### TASK DIRECTIONS
For this exercise, write out only the lines of the entries below from the one with "Спрей-стимулятор для женщин" up to and including the one with "Mighty Mint 32-fl", exactly as they are. Pictures stay out.
[PROVIDED INFORMATION Boundary: Start]
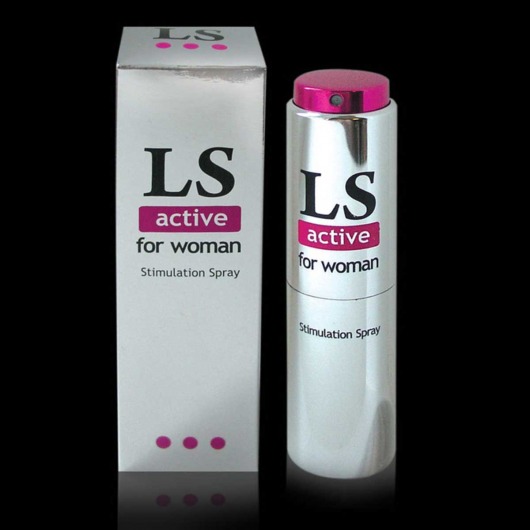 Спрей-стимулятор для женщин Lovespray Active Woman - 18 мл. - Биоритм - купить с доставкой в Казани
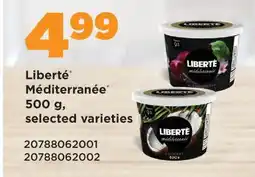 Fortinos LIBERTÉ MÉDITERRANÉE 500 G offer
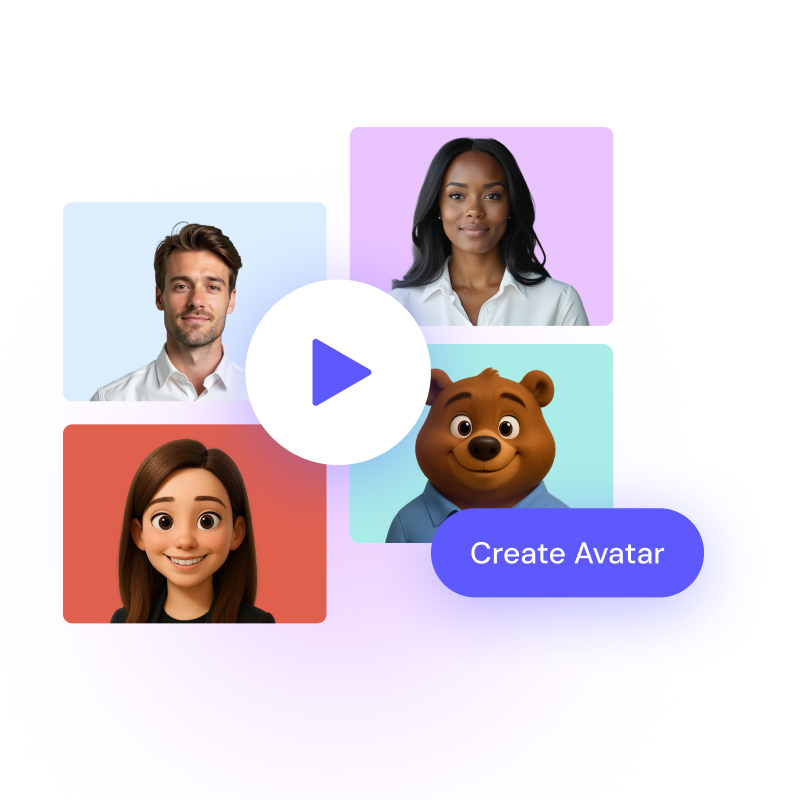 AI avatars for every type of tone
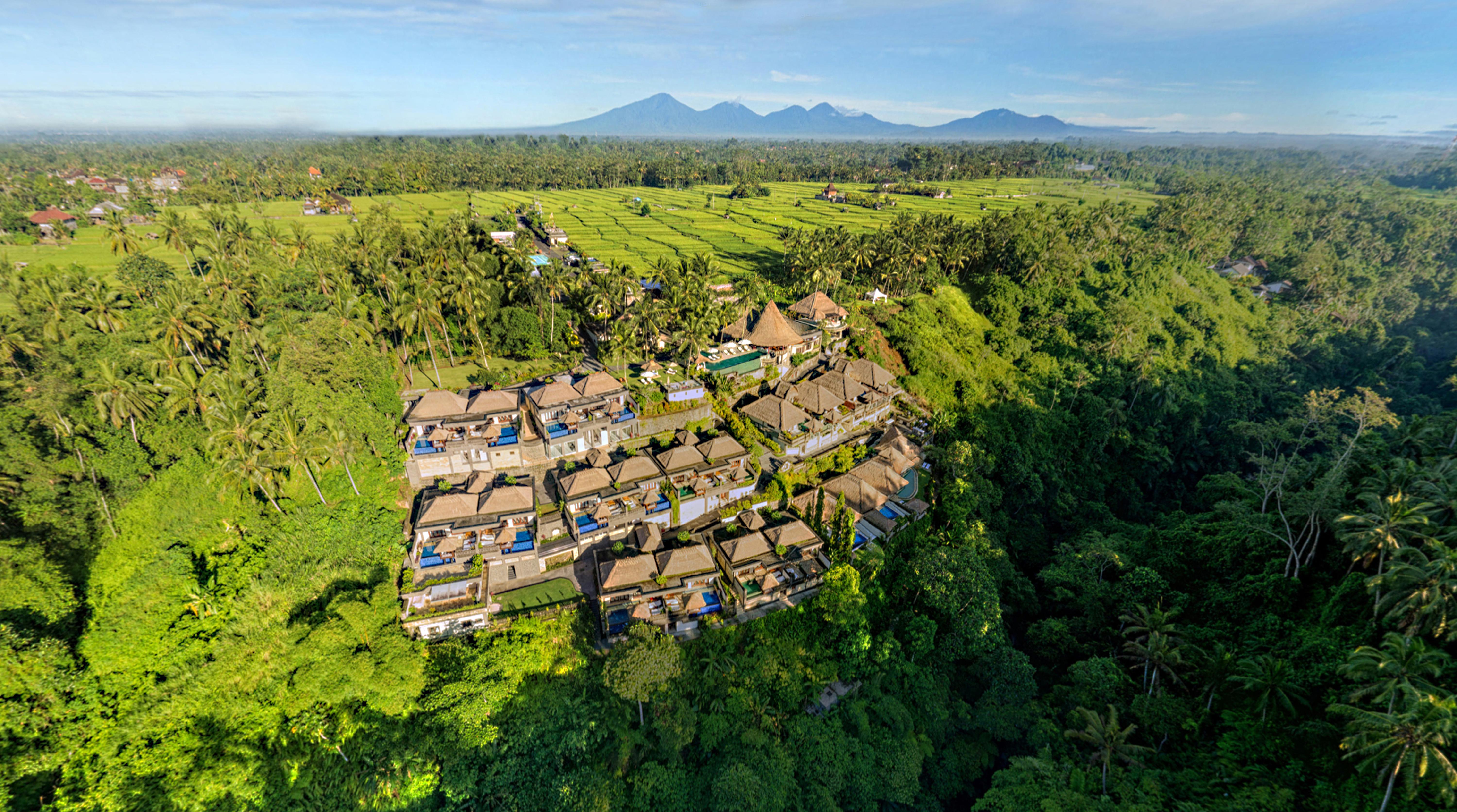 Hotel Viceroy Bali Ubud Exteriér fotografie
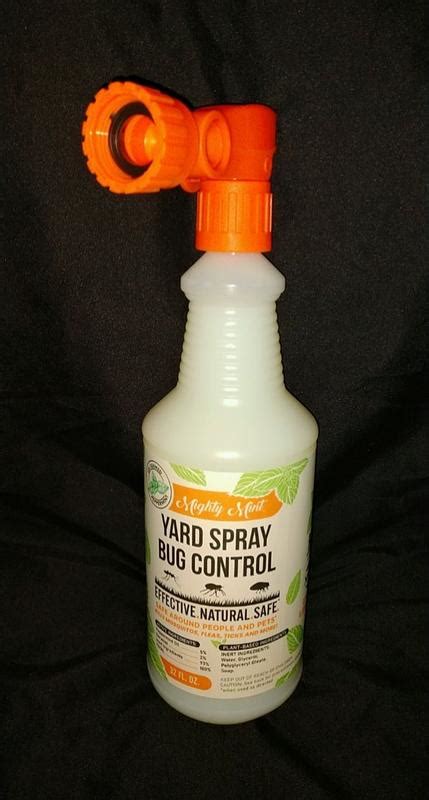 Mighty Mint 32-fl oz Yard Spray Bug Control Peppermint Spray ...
[PROVIDED INFORMATION Boundary: End]
[PROVIDED INFORMATION Boundary: Start]
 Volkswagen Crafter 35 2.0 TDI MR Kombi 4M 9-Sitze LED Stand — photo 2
[PROVIDED INFORMATION Boundary: End]
[PROVIDED INFORMATION Boundary: Start]
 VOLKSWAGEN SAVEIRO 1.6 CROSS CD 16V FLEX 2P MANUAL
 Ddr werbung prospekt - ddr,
[PROVIDED INFORMATION Boundary: End]
### EXERCISE SOLUTION
 Спрей-стимулятор для женщин Lovespray Active Woman - 18 мл. - Биоритм - купить с доставкой в Казани
 Fortinos LIBERTÉ MÉDITERRANÉE 500 G offer
 AI avatars for every type of tone
 Hotel Viceroy Bali Ubud Exteriér fotografie
 Mighty Mint 32-fl oz Yard Spray Bug Control Peppermint Spray ...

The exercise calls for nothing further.